International Strategic Analysis
- Founded: 2003
- Founder: Michael Weidokal
- Headquarters: Luxembourg
- Services: country intelligence, economic forecasting, international market analysis
- Website: www.isa-world.com

= International Strategic Analysis =

ISA (International Strategic Analysis (ISA) is an international research and consulting firm that provides country intelligence, economic forecasting, and international market analysis to companies, financial institutions, government bodies, and universities.

Headquartered in Luxembourg in 2003 by American economist Michael Weidokal, who is executive director. ISA has clients in more than 150 countries.

== Publications ==
ISA Country Reports: ISA publishes 120 individual ISA Country Reports that provide coverage and analysis of the political, economic, demographic, and environmental issues and trends in each country.

ISA Region Reports: ISA publishes eight individual ISA Region Reports that contain graphs, charts, and detailed descriptions of each region's economic data, trade and investment statistics, recent elections and other related topics.

ISA Economic Forecasts: ISA publishes Economic Forecasts for nearly 180 countries, including historical economic data back to 1993 and forecast data that goes forward five years.

ISA Risk Forecasts: ISA publishes Risk Forecasts for nearly 180 countries, covering domestic and international political risk, domestic and international economic risk, demographic and social risk, and environmental and natural disaster risk.

The ISA Global Update: The ISA Global Update is ISA's weekly electronic newsletter covering the key political, economic and business issues and events of the past week as well as an outlook for the week ahead in global business, economics, and politics.

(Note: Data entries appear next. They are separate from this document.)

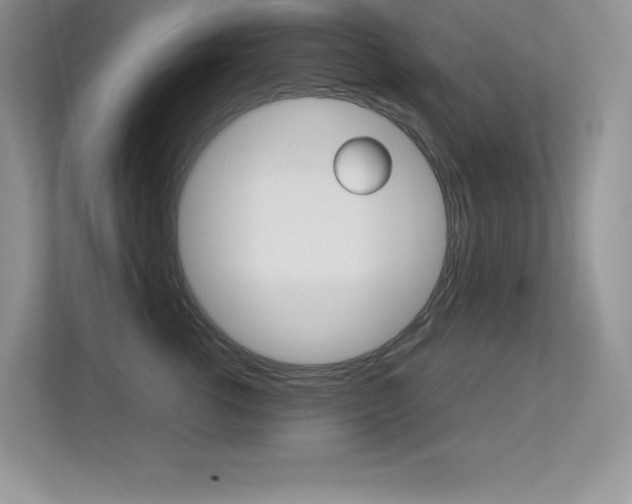 X0000113370762200909151027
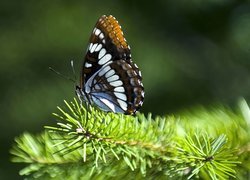 Zielona, Gałązka, Piękny, Motyl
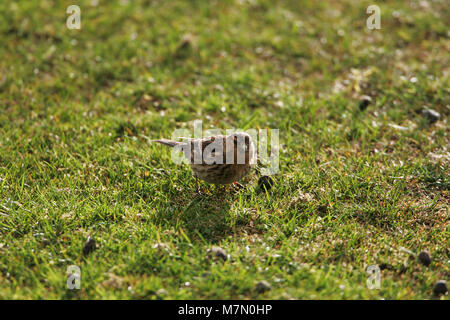 Twite Carduelis flavirostris nach Fütterung auf der Weide in der Nähe von Loch na Keal Mull Argyll und Bute Schottland Großbritannien Stockfoto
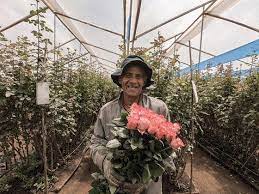 Proudly serving oc and beyond (we ship!)✨ www.ocwholesaleflowers.com. Cut Flower Consolidation Automated Cart Pullers Four Combo Ideas Having Trouble Viewing This E Mail Click Here To See It On The Web Be In The Know Timely News And Commentary From Growertalks Facebook Growertalks Magazine Monday August 31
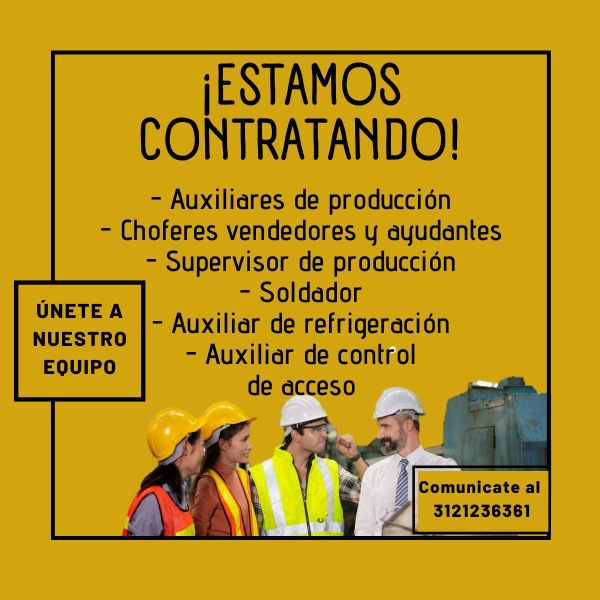 Auxiliar de Producción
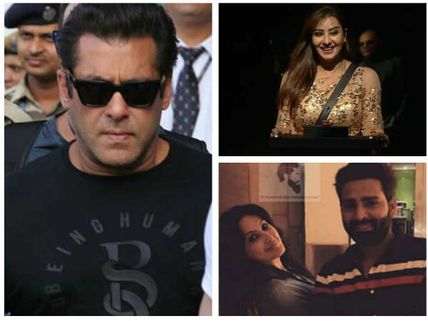 Blackbuck Poaching Case: Shilpa Shinde, Suyyash Rai & Other TV Actors Support Salman Khan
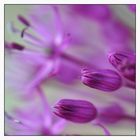 Allium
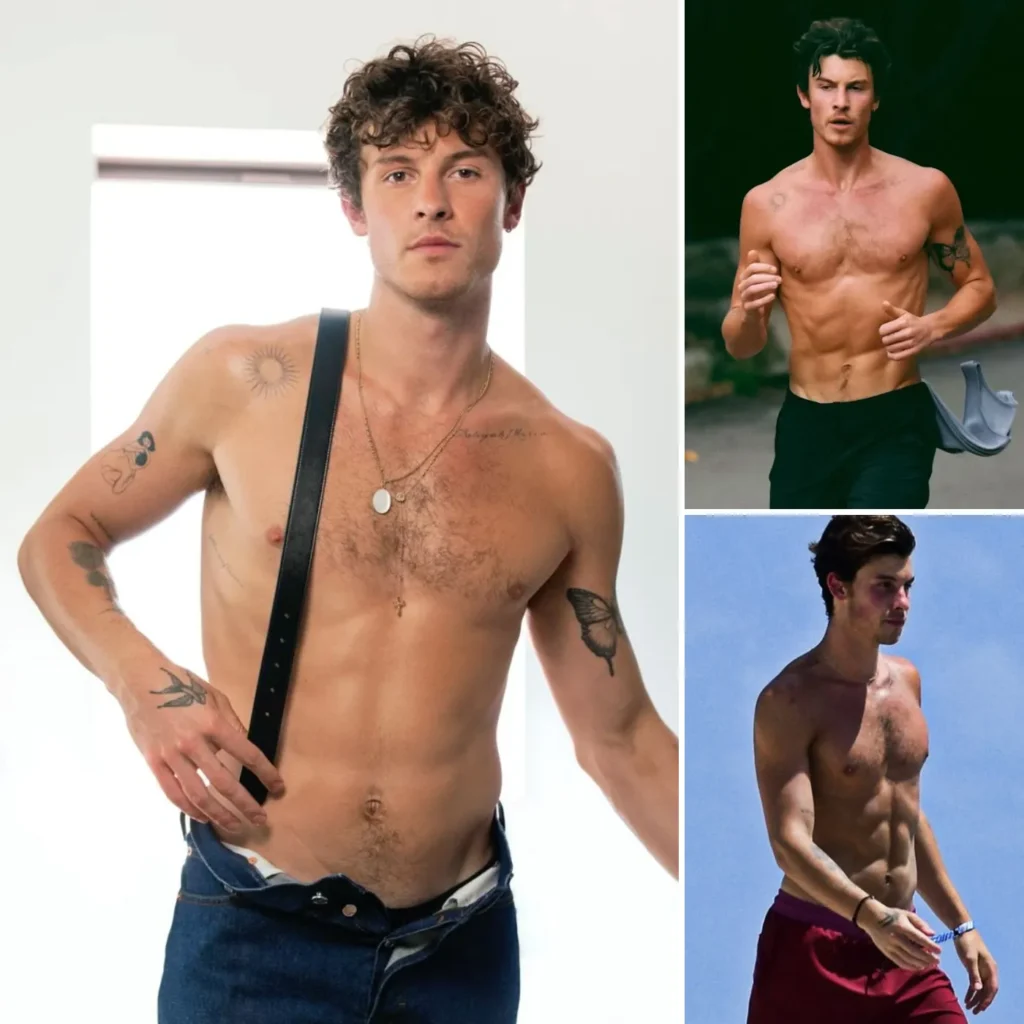 Does Shawn Mendes’ Six-Pack Prove He’s Obsessed With His Image? 1 Does Shawn Mendes’ Six-Pack Prove He’s Obsessed With His Image?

The Global Economic and Risk Outlook: ISA publishes the annual ISA Global Economic and Risk Outlook that previews the global economy for the coming year.

== Predictions ==
In the spring of 2018, ISA cited that geopolitical risk levels were rising in many areas of the world as the United States, increasingly turned inwards, leaving rivals such as China and Russia with an opportunity to expand their influence in regions such as Southeast Asia, the Pacific, Central Asia and Eastern Europe. ISA also forecast that the threat of a major Middle East war involving Saudi Arabia, Iran and other regional powers was a rising threat to global stability as the proxy wars between these powers in Syria and Yemen continued.

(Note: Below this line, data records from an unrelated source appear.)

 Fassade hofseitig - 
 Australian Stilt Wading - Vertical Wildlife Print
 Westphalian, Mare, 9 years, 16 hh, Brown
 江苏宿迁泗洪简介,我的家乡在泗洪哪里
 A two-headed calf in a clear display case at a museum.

On the economic front, ISA warned that, while global economic growth rates were forecast to remain relatively high over the near term, longer-term economic risk levels were rising. Among the major risks facing the global economy were the threat of a global share price correction, the withdrawal of stimulus programs in Europe, rising debt levels in China, the threat of a global trade war and the impact of low commodity prices on many emerging markets.